Nice diagram Cletus!


----------



## Roelof Moorlag (May 20, 2017)

belgiantaff said:


> I hold my LR catalogue and files on an external Lacie drive, and run LR on a Windows 10 pc and on my macbook. Recently the Lacie drive has been giving trouble but only on the mac - it works well on the pc.
> Has anyone an recommendation on what I can buy to replace the Lacie, please? I need around 300Gb for my photo files.


Windows and Mac are not using the same filesystems so standard a new drive could cause some trouble to write on both platforms.
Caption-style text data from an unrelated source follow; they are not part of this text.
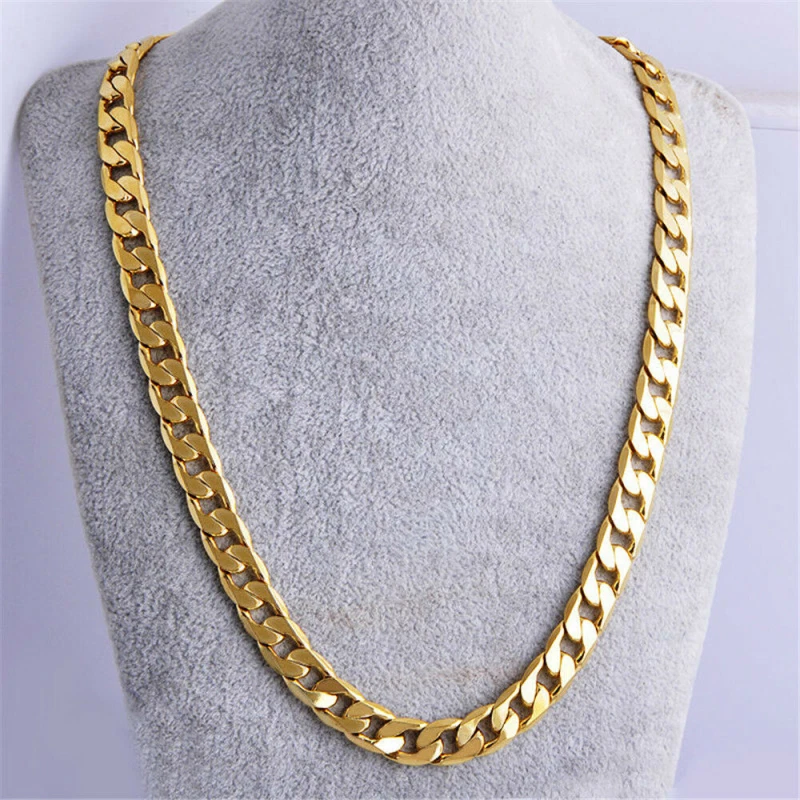 Gold filled curb chain necklace deals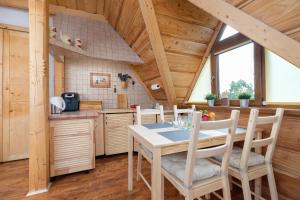 Kuchyňa alebo kuchynka v ubytovaní Studio Mocarni Mountain View Koscielisko by Noclegi Renters
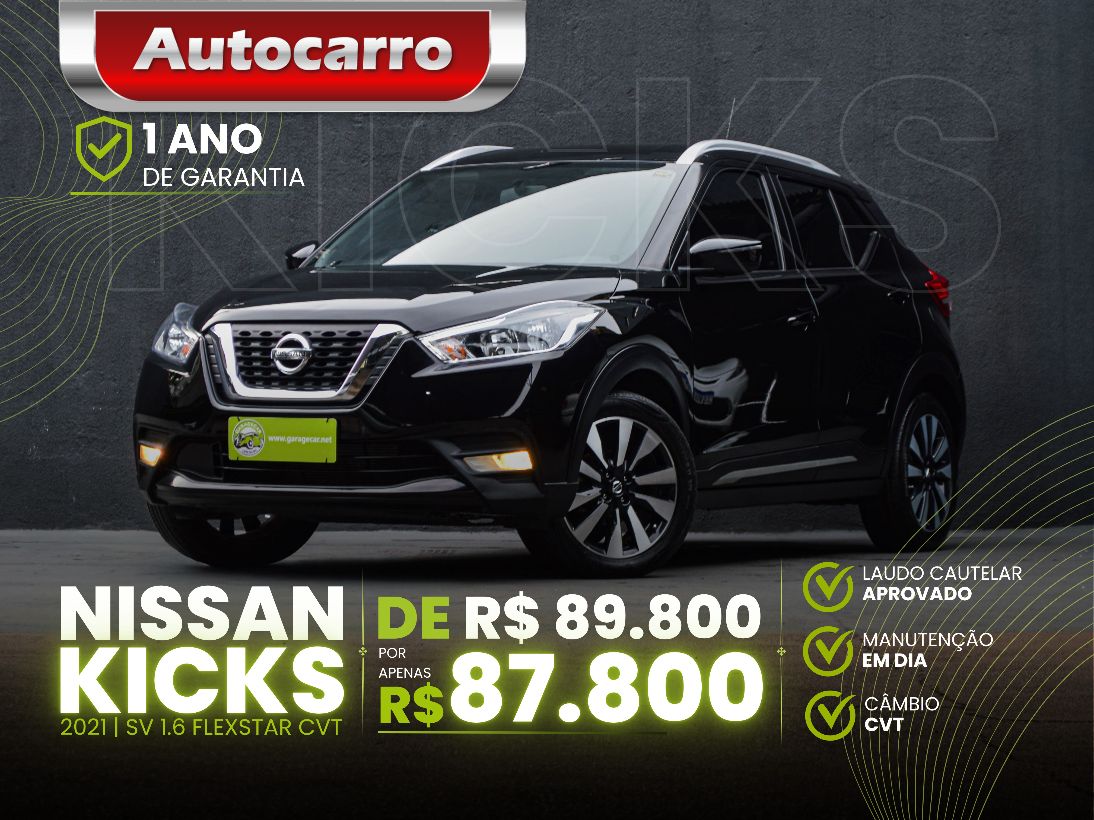 Nissan Kicks KICKS SV 1.6 16V FlexStar 5p Aut. 2021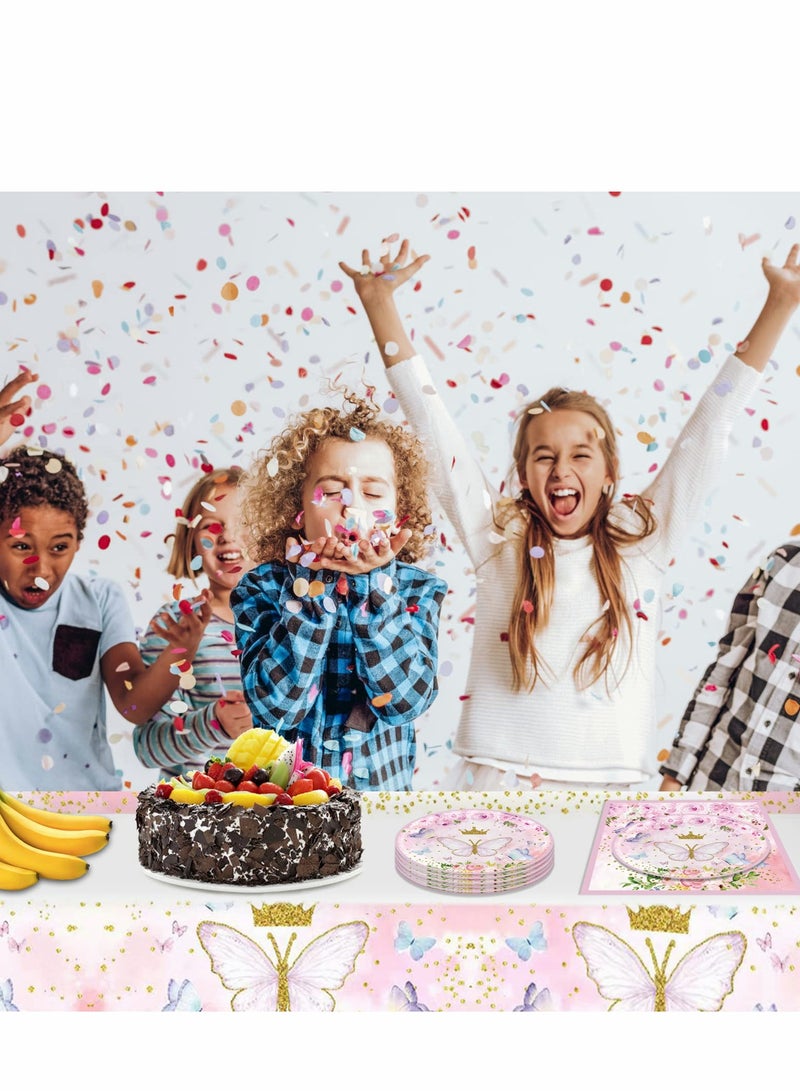 طقم حفلة عيد ميلاد الربيع لـ 20 ضيف - أطباق، مناديل وزينة مائدة ذات طابع - Image 4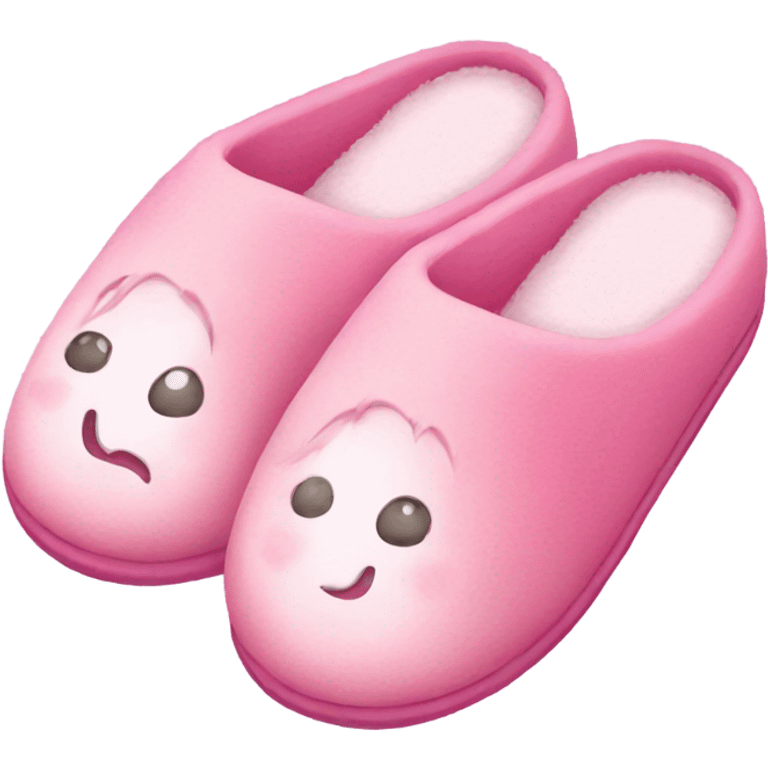 cute pink slippers  emoji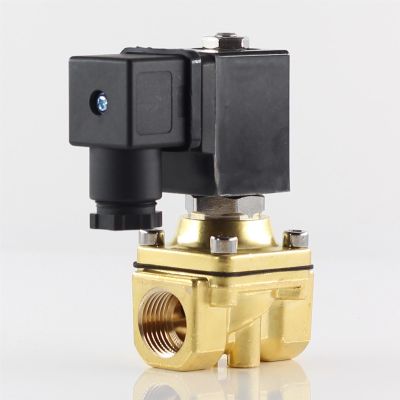 Direct-Acting Solenoid Valve with NPT or G Thread, 20 bar, Normally Closed, Water/Air, AC 110/220 V, DC 12/24/48 V, 1 pc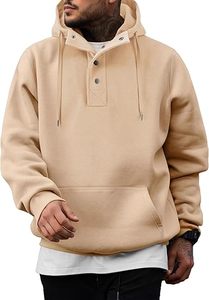 Sweat à capuche décontracté en polaire pour homme, avec cordon de serrage, manches longues, respirant, séchage rapide, logo personnalisé, poche intégrée - Product Image 5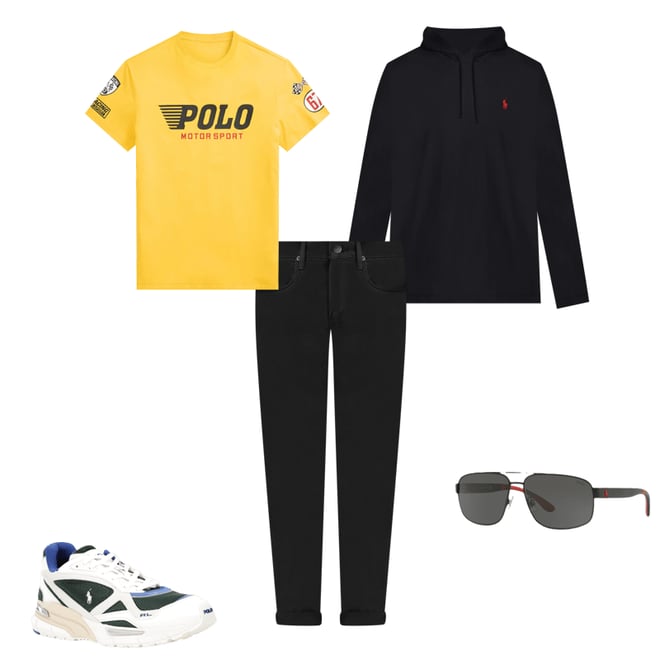 Polo Ralph Lauren Classic Fit Motorsport Graphic Jersey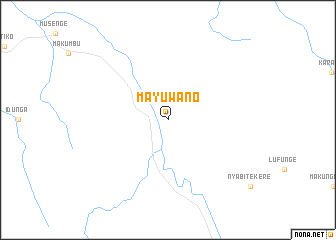 map of Mayuwano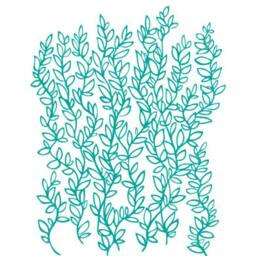 Wall Decal Leaf Wall, Plant Wall Sticker, Vinyl Stencil, Decoration, Floral Sticker - thumbnail 2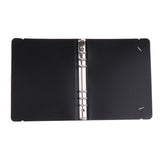 Maxbell Black Refillable Notebook Journal Binder File Folder A
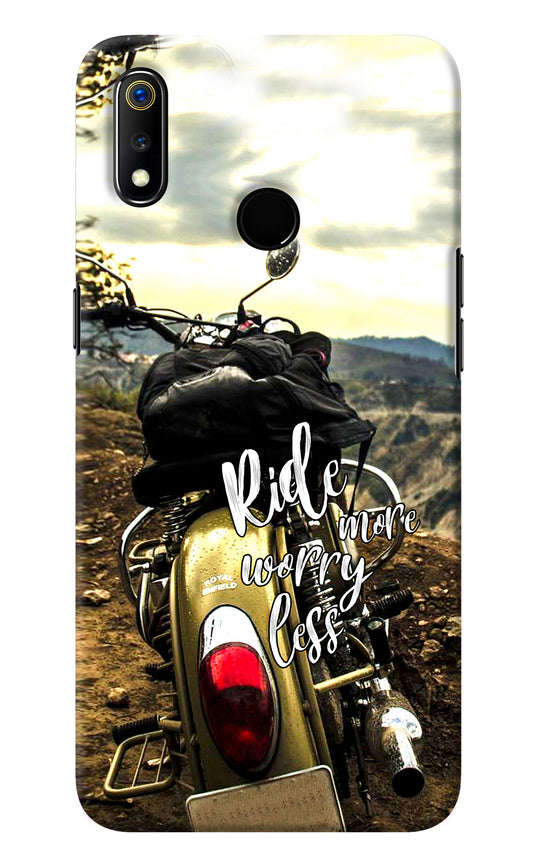 Ride More Worry Less Realme 3 Back Cover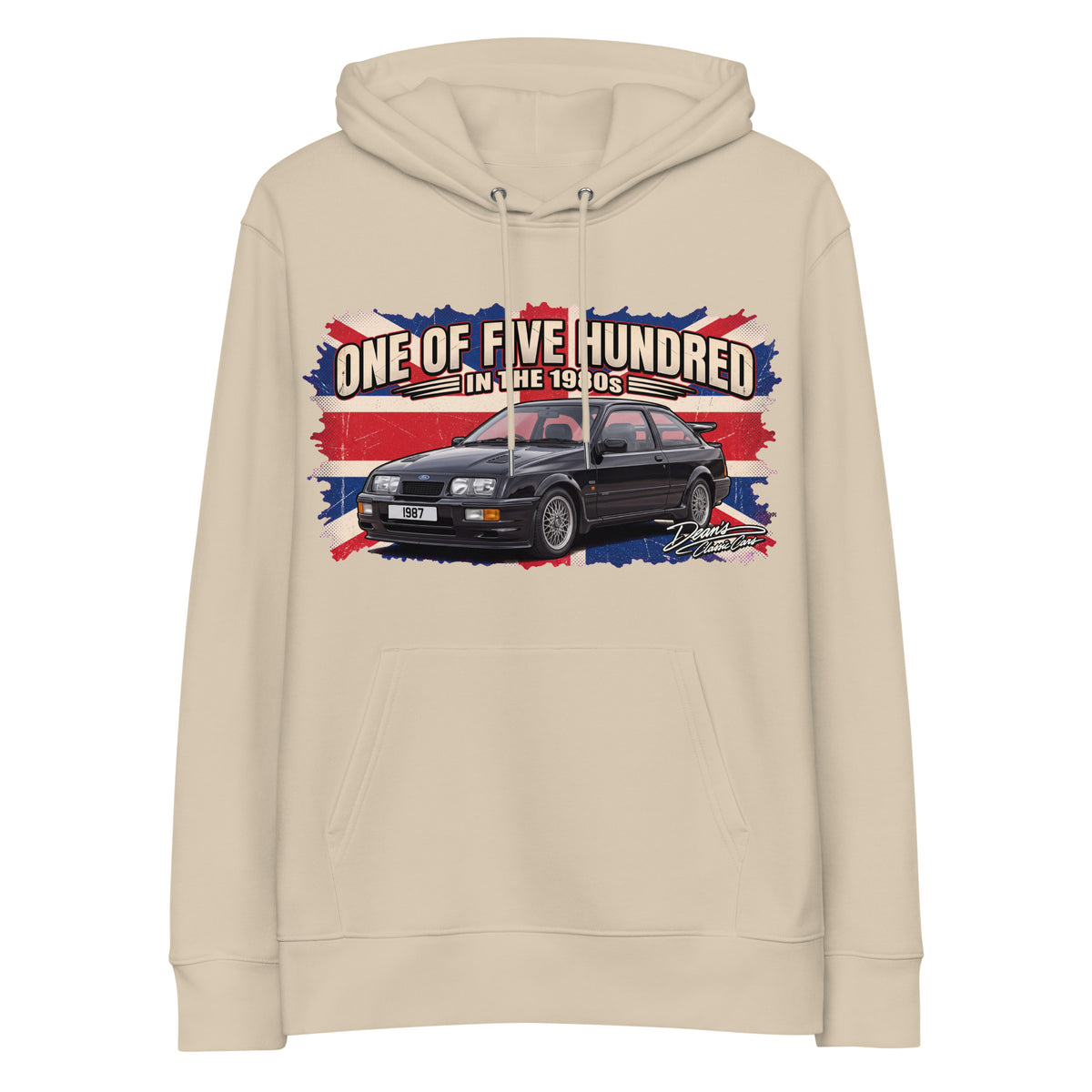 Sierra RS500 Whale Tail Hoodie - Dean's Classic Cars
Do you know how you have handled this on your current EHD? If not, you can come back here when your new hardrive has arrived.


----------



## clee01l (May 20, 2017)

Roelof Moorlag said:


> Nice diagram Cletus!


Thank Wikipedia.


----------



## clee01l (May 20, 2017)

Roelof Moorlag said:


> Windows and Mac are not using the same filesystems so standard a new drive could cause some trouble to write on both platforms. Do you know how you have handled this on your current EHD? If not, you can come back here when your new hardrive has arrived.


Since it has worked for the OP in the past, presumably the volume is using exFAT as the universal file system or the OP has formatted it NTFS and runs an intermediate app to read and write NTFS files on MacOS.


----------



## belgiantaff (May 23, 2017)

The LaCie is formatted as exFAT. It is now working, but seems very much slower on the mac (Sierra latest; 16Gb) than on the pc (Win 10; 24Gb). The mac takes an eternity to load the catalogue and pictures, whilst on the pc it is almost immediate.


----------



## clee01l (May 23, 2017)

belgiantaff said:


> The LaCie is formatted as exFAT. It is now working, but seems very much slower on the mac (Sierra latest; 16Gb) than on the pc (Win 10; 24Gb). The mac takes an eternity to load the catalogue and pictures, whilst on the pc it is almost immediate.


Then the question becomes one of I/O which has nothing to do with LR.  How is the EHD connected to each machine?  USB2 (slower) or USB3 (faster)?  Is there a USB hub involved?  Can you connect the LaCie to the Mac via a Thunderbolt port (fastest)?


----------



## belgiantaff (May 23, 2017)

Yes, that must be it. The mac has only USB2 whilst the pc has usb3 connections. I can't connect the LaCie using thunderbolt unless it will accept a different cable - I'll research that . Thanks a lot!


----------